For the most part, I’ve been able to eliminate all (non-local) lifetimes from LocustDB. But one still remains, has caused me endless pain, and is the antagonist of the remaining sections. I have easily spent dozens of hours on the various type gymnastics required to appease the borrow checker in this case (plus an additional 10 hours writing this rant. Yes, I do question my decision making sometimes…). On several occasions, the addition of a seemingly trivial feature suddenly resulted in multiple hours of figuring out how to make the lifetimes work out. By now, things are set up quite nicely and mostly just work so at least there is little ongoing cost. And of course it should also be mentioned that I have spent zero hours debugging heap corruption, segfaults and use after free bugs (excepting that one time when my hubris got the better of me).

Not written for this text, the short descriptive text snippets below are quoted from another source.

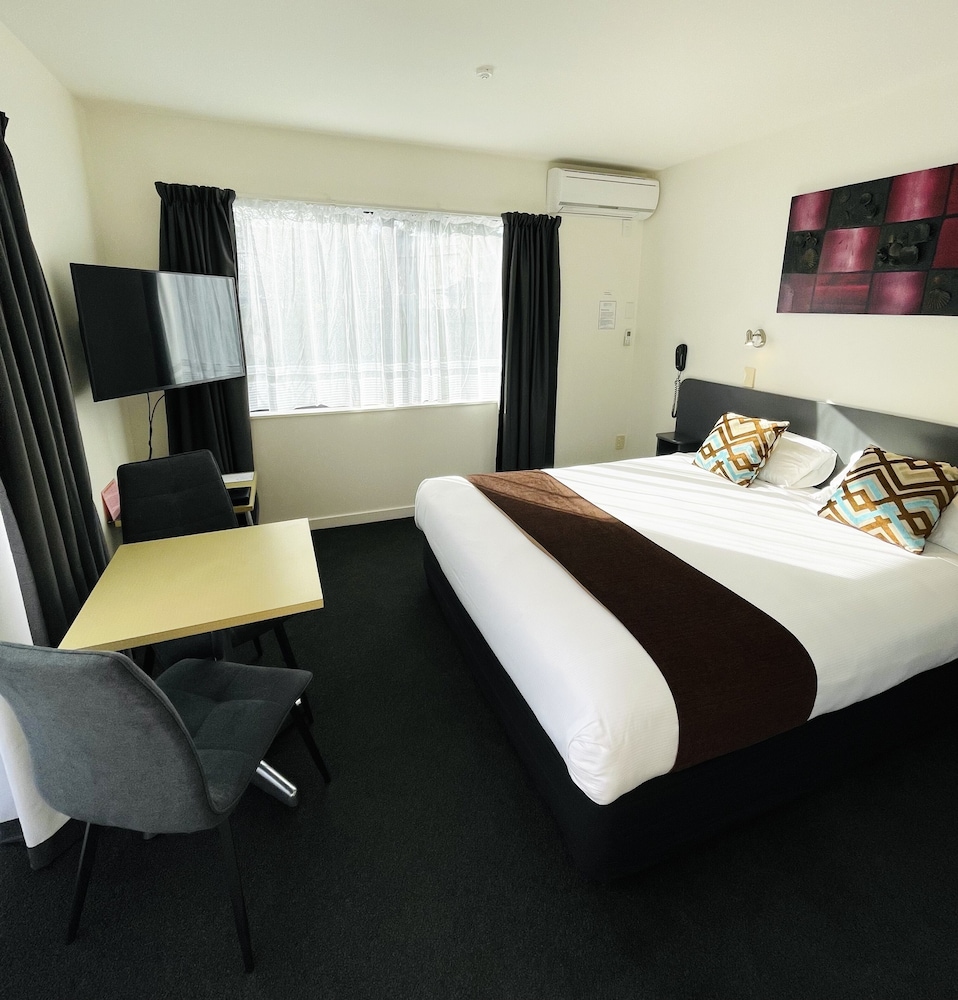 298 Westside Motor Lodge 21/41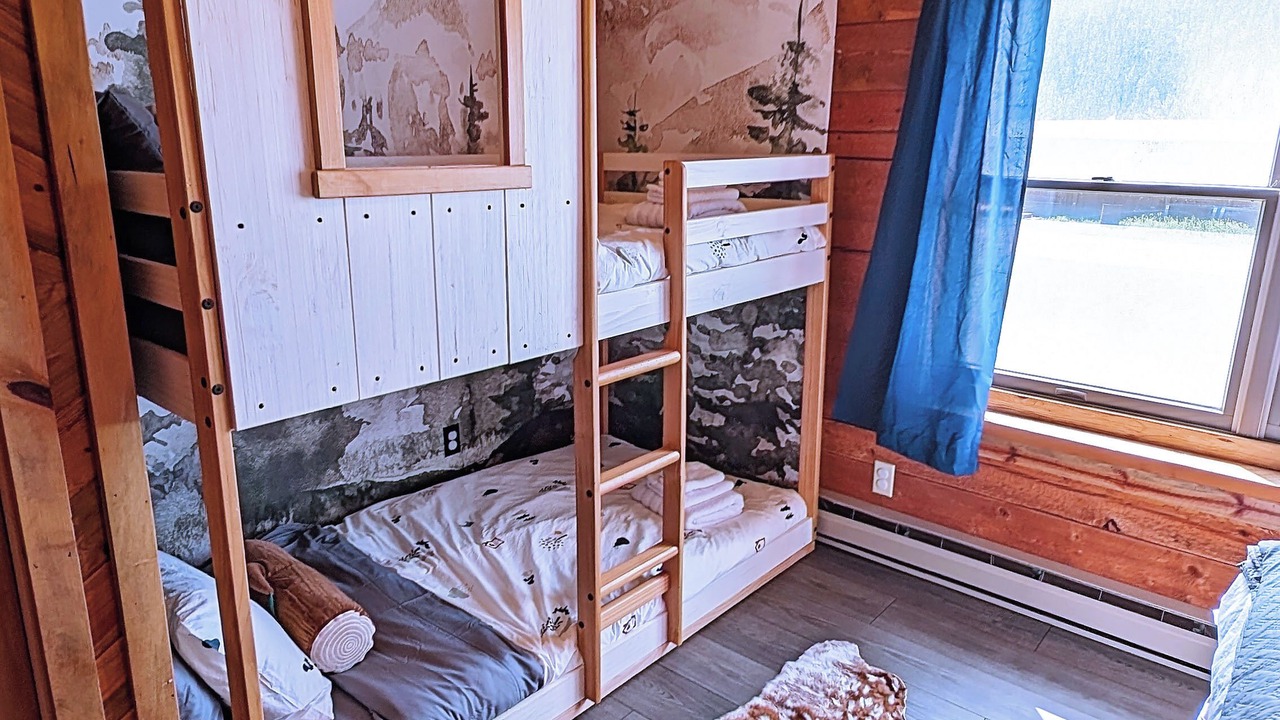 Photo of Bedroom in Pitkin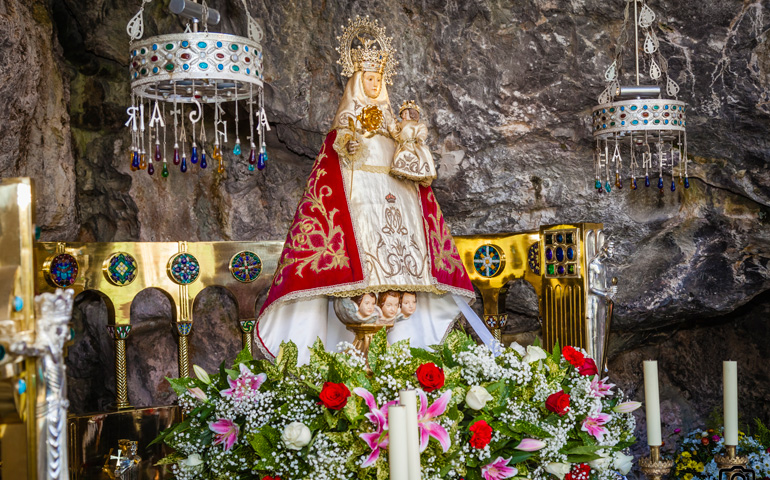Imagen de la Virgen en la Santa Cueva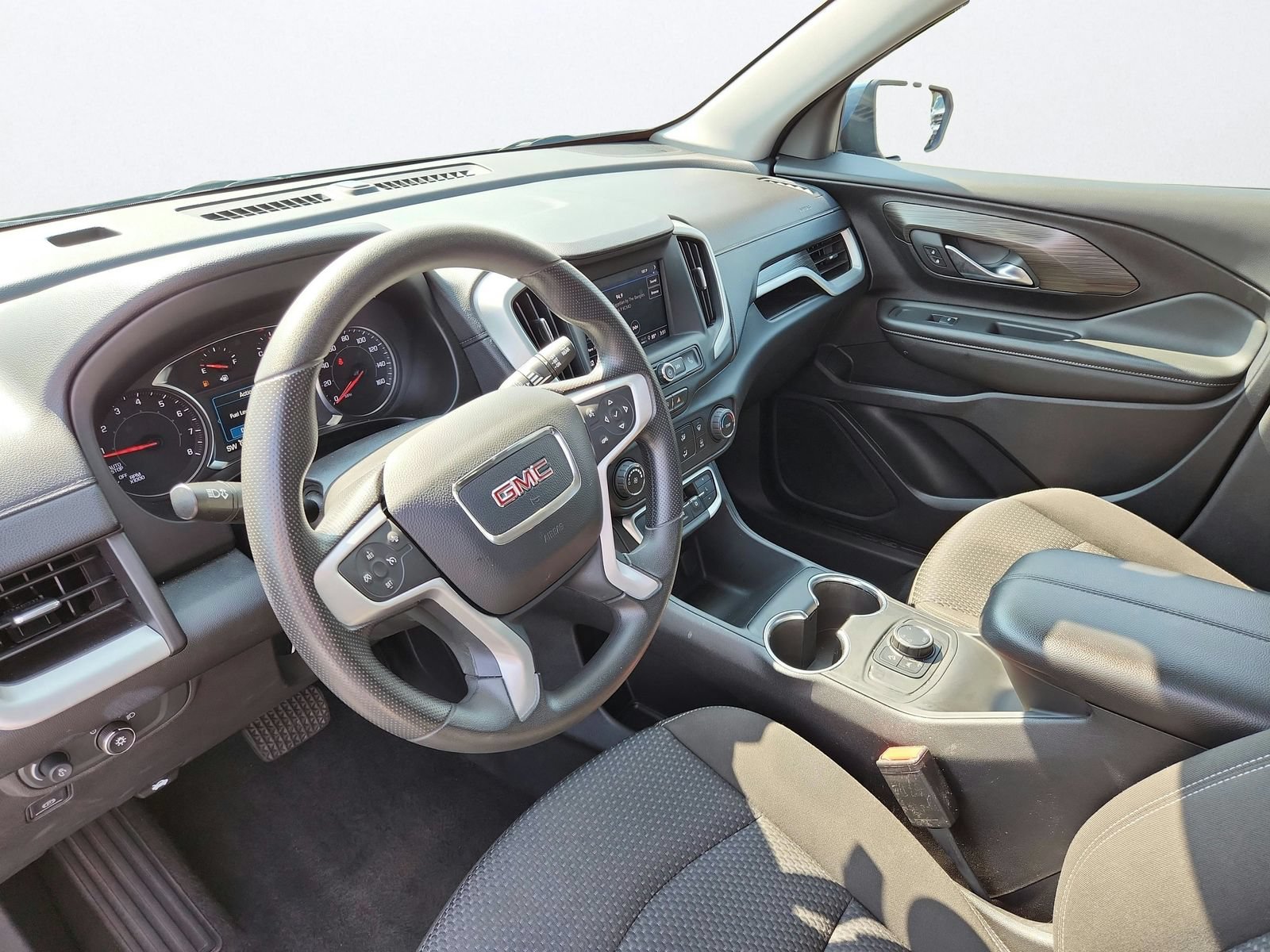 Used 2024 GMC Terrain SLE AWD/4WD image 11
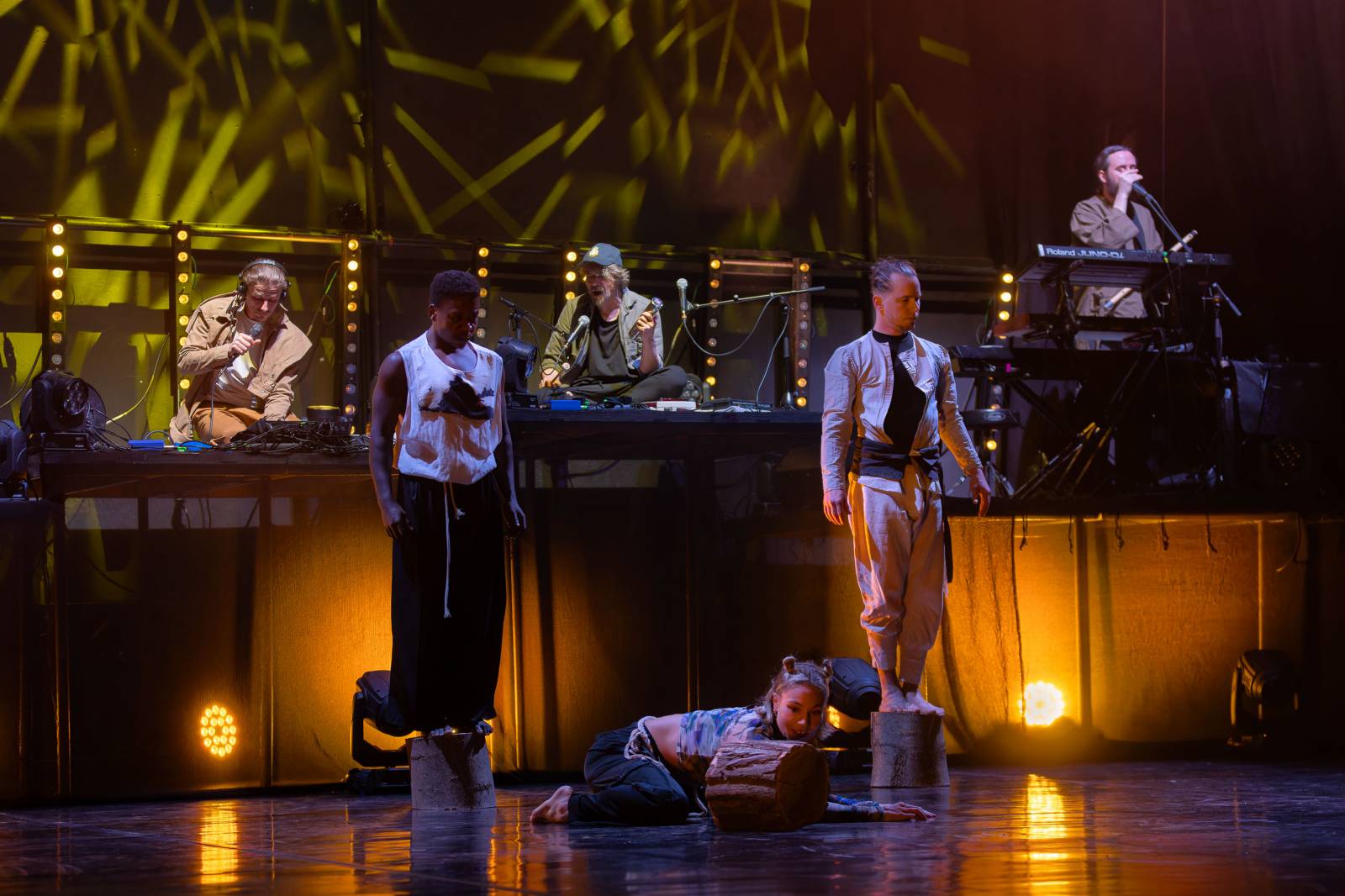 Dan Bárta, Endru a Jen Hovorka kouzlili v Branickém divadle. Doprovodili je akrobaté z Losers Cirque Company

Naturally LocustDB supports a string datatype. The simple solution of just cloning all string values used in the query engine would introduce unacceptable performance overhead and can explode memory usage. So operators that work with strings take them by reference (&str) which means they require a lifetime parameter corresponding to the lifetime of the object containing data that the string references. In some Rust programs it is possible to eliminate this type of lifetime by replacing the &str with an index into the array storing the string values but that’s not workable in this case. First, we still need to access the actual string data. Second, there isn’t a single backing store for strings. They might come from a Vec packing multiple strings into a contiguous area of memory, a String that was originally part of the query string or created on-the-fly by the query engine, or a Vec used by a dictionary codec. It must be possible to uniformly merge and operate on all these different string values originating from many different columns and &str is the only common representation that does not sacrifice performance.

‘self

When a is query is executed all the worker threads processing the query hold a reference to a shared QueryTask structure which stores reference counted pointers (Arc) to the partitions of the table that the query is operating on. Each worker thread produces a partial result from evaluating the query on some subset of partitions, which is written back to the QueryTask to be later merged with the results from the other threads. These sub results contain references to string data in the original table and so require a corresponding lifetime. Now what exactly should this lifetime be? It has to be longer than the lifetime of the individual worker threads, because they may exit before the query is fully evaluated. We do know that the string references will be valid for as long as the QueryTask object lives (as long as the field referencing the table is not mutated). What we would like to do is to tie the lifetime of the partial results to the lifetime of the containing structure. Unfortunately this is not currently possible and the semantics of adding support for this to the type system are actually quite tricky.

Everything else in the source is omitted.